Hallo Facebook: Wenn ich “weniger ähnliche Meldungen anzeigen” wähle, meine ich das auch

Ja, ich weiss, ich müsste bei dem Mist nicht dabei sein.

Aber ich gehöre zu jenen seltsamen Zeitgenossen, die es interessiert, was Freundinnen und Freunde – gerade jene, die man nicht mehr jede Woche sieht – so umtreibt. Facebook war dafür jahrelang eine schöne Plattform. Auch als Archiv des eigenen Lebens taugt Facebook nicht einmal schlecht.

Dass Facebook sich in den letzten Monaten zur undurchsichtig feedfilternden Werbeschleuder gewandelt hat, bereitet dem Vergnügen aber ein schleichendes Ende.

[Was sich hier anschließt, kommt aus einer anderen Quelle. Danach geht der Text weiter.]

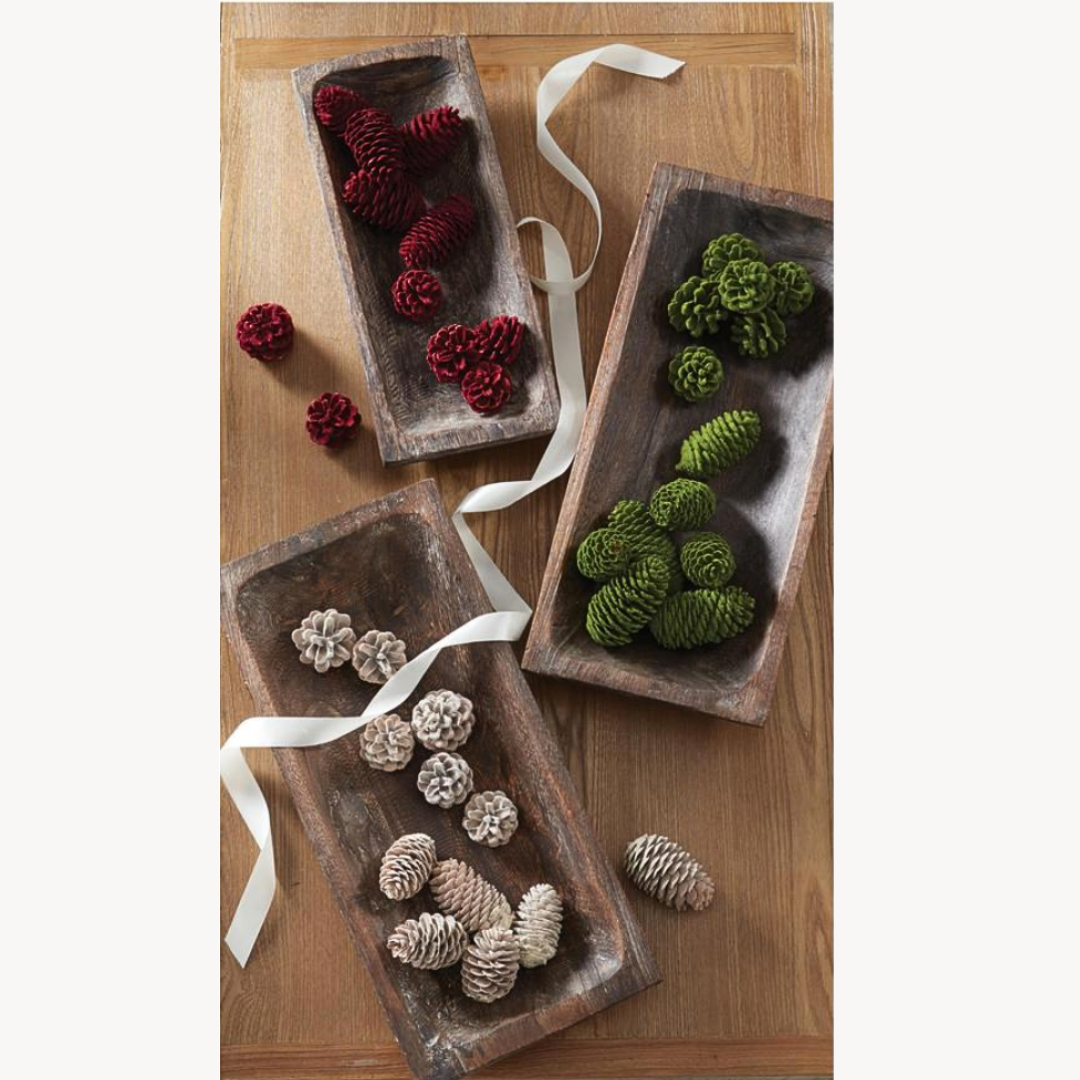 Three wooden trays with red, green, and white pine cones on a wooden surface.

Wenn wir gerade dabei sind…

Für nette Auflockerung sorgen zudem fremdenfreindliche Parolen gewisser nun definitiv als rechtsextrem entlarvter Weggefährten von vor 30 Jahren (aber hey, wer will schon in seiner linken kleinen Bubble gefangen bleiben), Werbung für Sonnenbrillen oder Kredite gehackter Accounts bzw. allzu schnell klickender Netzbanausen, notorische Profilbildwechsler (“Anschlag in XY! Sofort Flagge als Hintergrund setzen!”), ICH-WIDERSPRECHE-DEN-NEUEN-FACEBOOK-AGB- und andere-Hoaxes-Teilern und Mein-Kind-als-mein-Profilbild-Setzerinnen, die – pssst! – dieser seltsamen Disziplin durchaus auch auf Whatsapp frönen.

Und natürlich die Meister meiner Lieblingsdisziplinen: Dem Teilen von Geschichten nach den Strickmustern “Zuerst blieb es ganz ruhig. Aber du wirst nicht glauben, was dann passierte” bzw. “Wer das teilt, ist lieb, und andere sind doof”.

Und jene, die genau dasselbe Bild auf Facebook, Twitter UND Instagram teilen, *Augenrollsmiley*.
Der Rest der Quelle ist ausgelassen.